> _Exercise aim_: Leaving out the pictures, retype the lines from the top of the listing through the line with "Mens Kontrollera Byxor" exactly.
****************************************
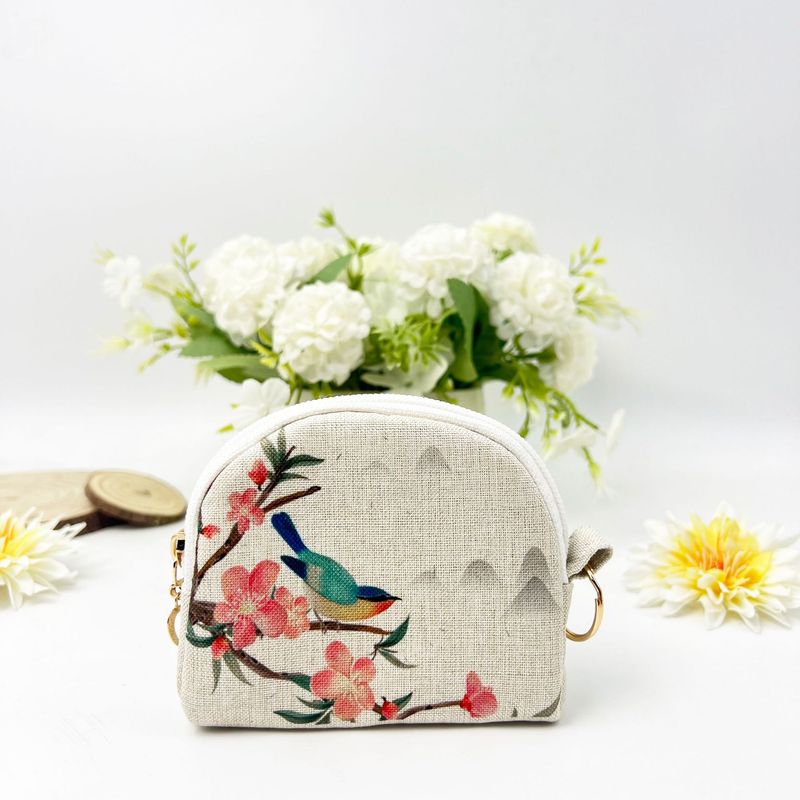 Digital Printed Zipper Coin Purse Shell Clutch Storage Key Small Bag Handmade Fabric Wallet Card Holder_voghion.com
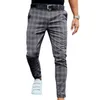 Mens Kontrollera Byxor Slim Fit Soft Stretch Casual Long Trousers Arbetskontor Business Man Sommar Casual Long Pant Streetwear 211108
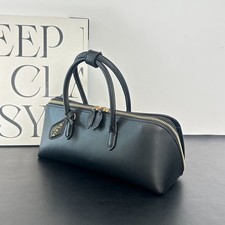 Alaïa Smooth Leather Asymmetric Triangle Bag Black Top Handle Satchel28×11×10cm picture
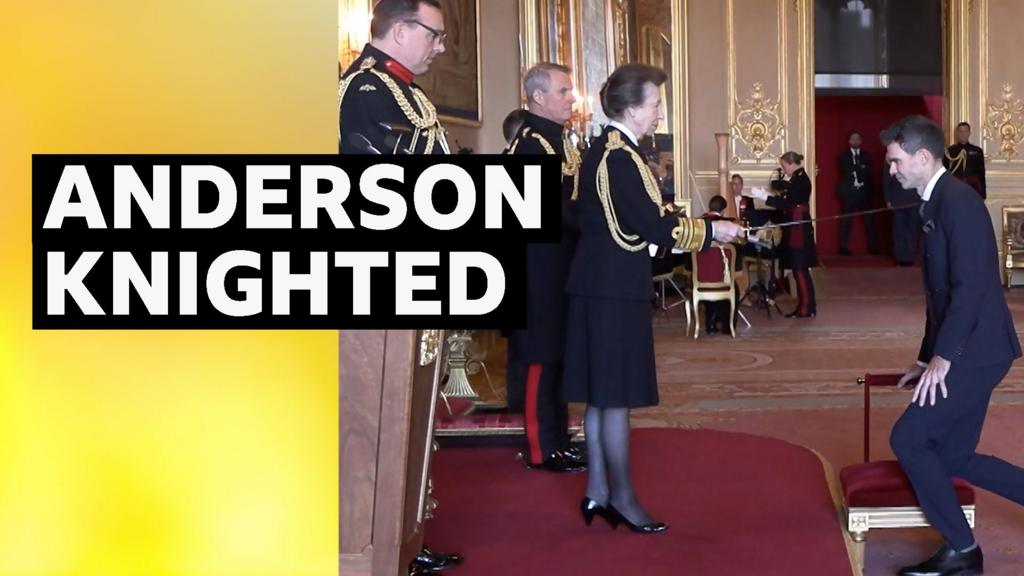 Jimmy Anderson: England cricketer receives knighthood at Windsor Castle Princess Royal and Sir Jimmy Anderson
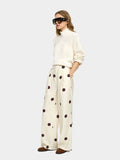 Pantalón Con Pliegues Y Lunares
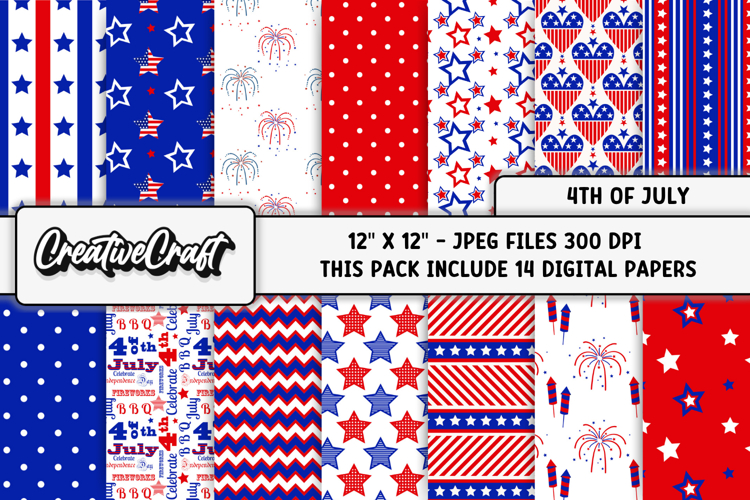 4th of July Digital Papers, independence day digital papers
****************************************
> _Exercise answer_:
 Digital Printed Zipper Coin Purse Shell Clutch Storage Key Small Bag Handmade Fabric Wallet Card Holder_voghion.com
 Mens Kontrollera Byxor Slim Fit Soft Stretch Casual Long Trousers Arbetskontor Business Man Sommar Casual Long Pant Streetwear 211108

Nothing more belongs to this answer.